Your answer must consist of the records below, reproduced exactly, with every picture removed.

*** Opening of Source data ***

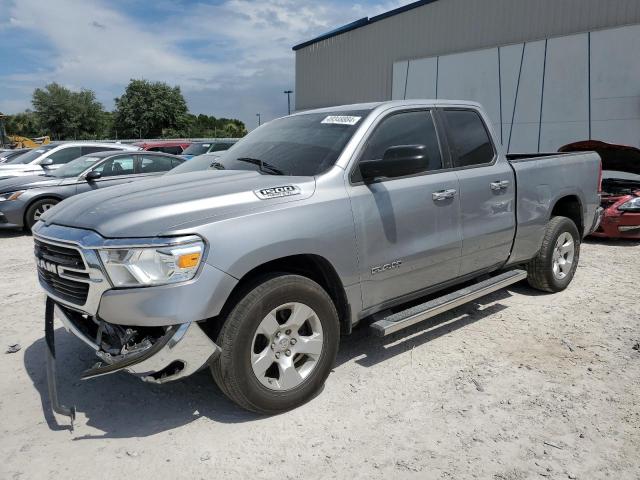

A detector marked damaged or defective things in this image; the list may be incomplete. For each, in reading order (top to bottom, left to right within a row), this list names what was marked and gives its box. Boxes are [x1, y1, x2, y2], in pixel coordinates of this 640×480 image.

damaged front bumper [44, 300, 220, 428]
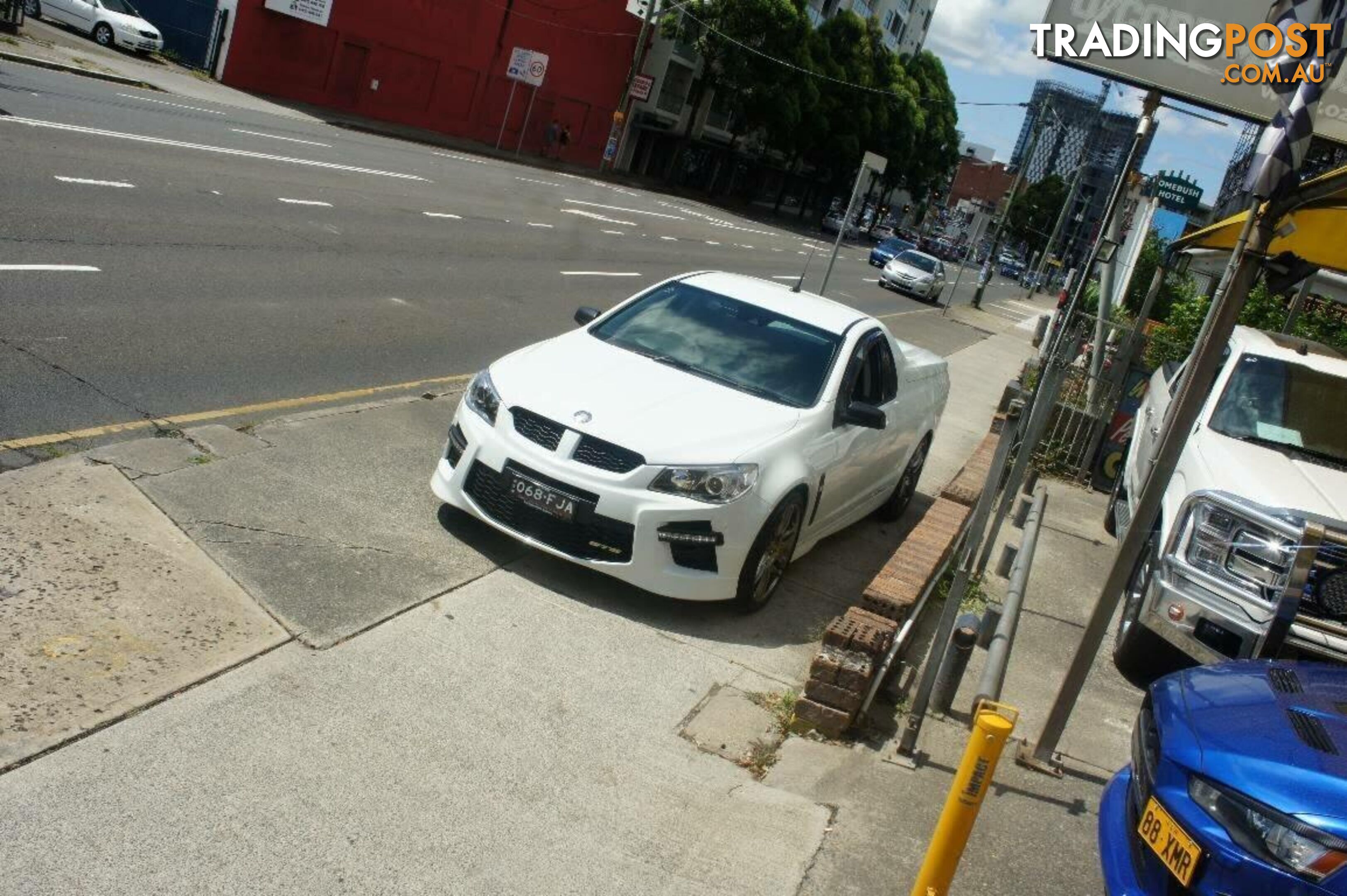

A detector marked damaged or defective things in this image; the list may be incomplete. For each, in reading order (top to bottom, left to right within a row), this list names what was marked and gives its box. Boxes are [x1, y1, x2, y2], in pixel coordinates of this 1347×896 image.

cracked concrete slab [85, 439, 202, 480]
cracked concrete slab [1, 458, 287, 765]
cracked concrete slab [130, 399, 520, 644]
cracked concrete slab [0, 568, 824, 889]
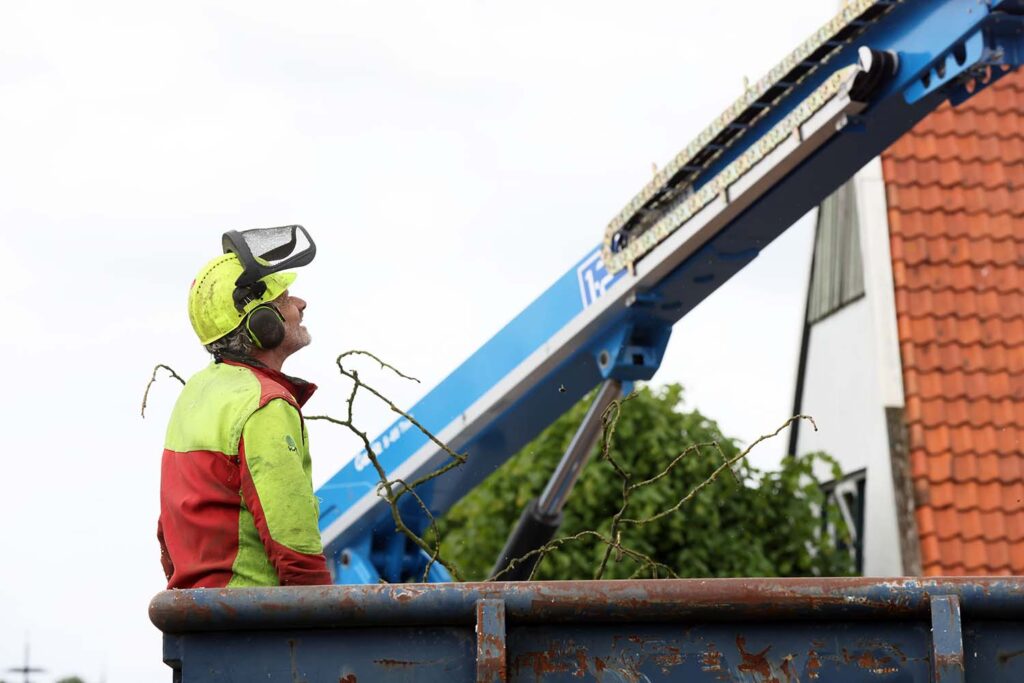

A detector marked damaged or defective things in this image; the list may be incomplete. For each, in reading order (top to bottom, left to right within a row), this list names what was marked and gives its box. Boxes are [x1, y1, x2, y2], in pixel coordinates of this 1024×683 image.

rusted container edge [149, 577, 1024, 634]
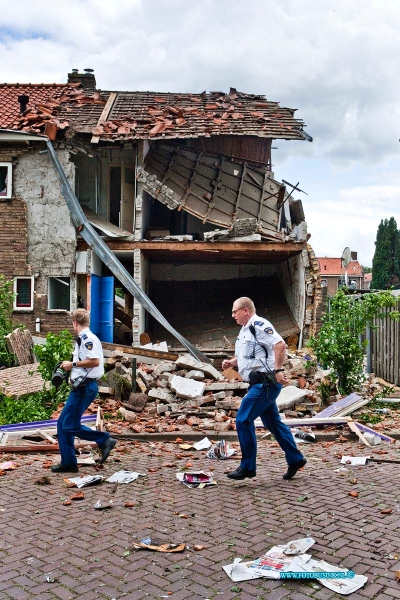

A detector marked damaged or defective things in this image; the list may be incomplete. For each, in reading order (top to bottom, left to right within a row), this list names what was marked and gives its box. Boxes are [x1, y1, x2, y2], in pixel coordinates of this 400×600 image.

damaged roof [2, 80, 310, 142]
damaged roof [318, 258, 364, 276]
broken window frame [13, 276, 33, 312]
broken window frame [47, 278, 71, 312]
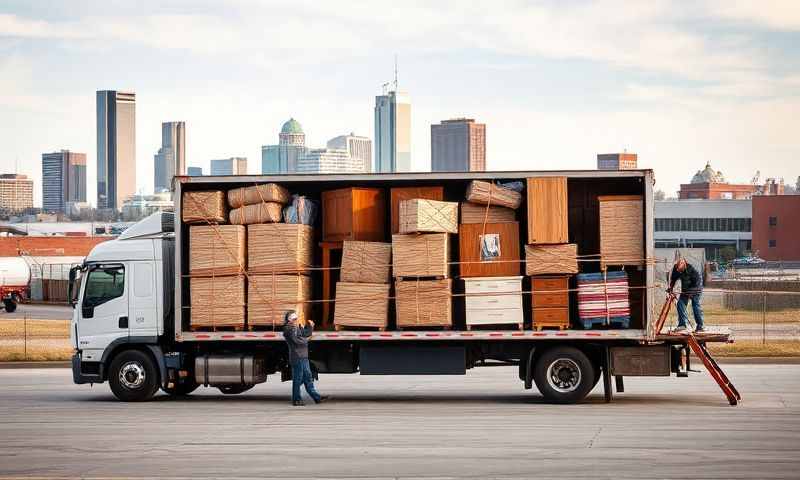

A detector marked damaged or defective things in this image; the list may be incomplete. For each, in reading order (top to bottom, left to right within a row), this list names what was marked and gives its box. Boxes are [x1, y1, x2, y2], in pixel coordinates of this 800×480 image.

pavement crack [584, 426, 604, 448]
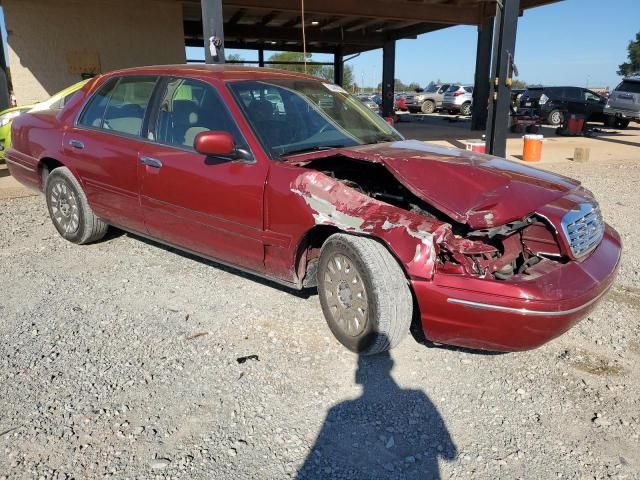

*** Close of Source data ***

Answer section:
A detector marked damaged or defective things in this image; the list may be incomplete. For each, in reading order (top to bottom, left to right within a row), this list names what was marked and gives its box. Boxes are [x1, y1, x2, y2], in pixel coordinates of this 640×480 image.

damaged front bumper [44, 300, 220, 428]

A detector marked damaged or defective things in this image; the list may be incomplete. For each, in reading order (top to bottom, left to right within a row), this list names what was marked and gives its box. Boxes are [x1, y1, x2, y2], in pixel coordinates of this 1347×896 image.

cracked concrete slab [85, 439, 202, 480]
cracked concrete slab [1, 458, 287, 765]
cracked concrete slab [130, 399, 520, 644]
cracked concrete slab [0, 568, 824, 889]

A detector marked damaged or defective things in this image; the list may be incomplete. For each, in reading order (top to bottom, left to right within a row), this list names what was marked and gives its box. Boxes are [x1, y1, x2, y2], in pixel coordinates of this 1024×683 image.

rusted container edge [149, 577, 1024, 634]

A detector marked damaged or defective things in this image; the list may be incomplete. For each, in reading order (top to bottom, left to right within a row), this list names what was marked and gives its box. Boxes are [x1, y1, x2, y2], in pixel coordinates of this 400×600 image.

damaged roof [2, 80, 310, 142]
damaged roof [318, 258, 364, 276]
broken window frame [13, 276, 33, 312]
broken window frame [47, 278, 71, 312]

A detector marked damaged or defective things in this image; the list may be incomplete. For each, in reading order (top to bottom, left to right within a row), this list names what was marked and gives its box. Boxes are [x1, y1, x2, y2], in pixel coordinates of this 800×480 image.

pavement crack [584, 426, 604, 448]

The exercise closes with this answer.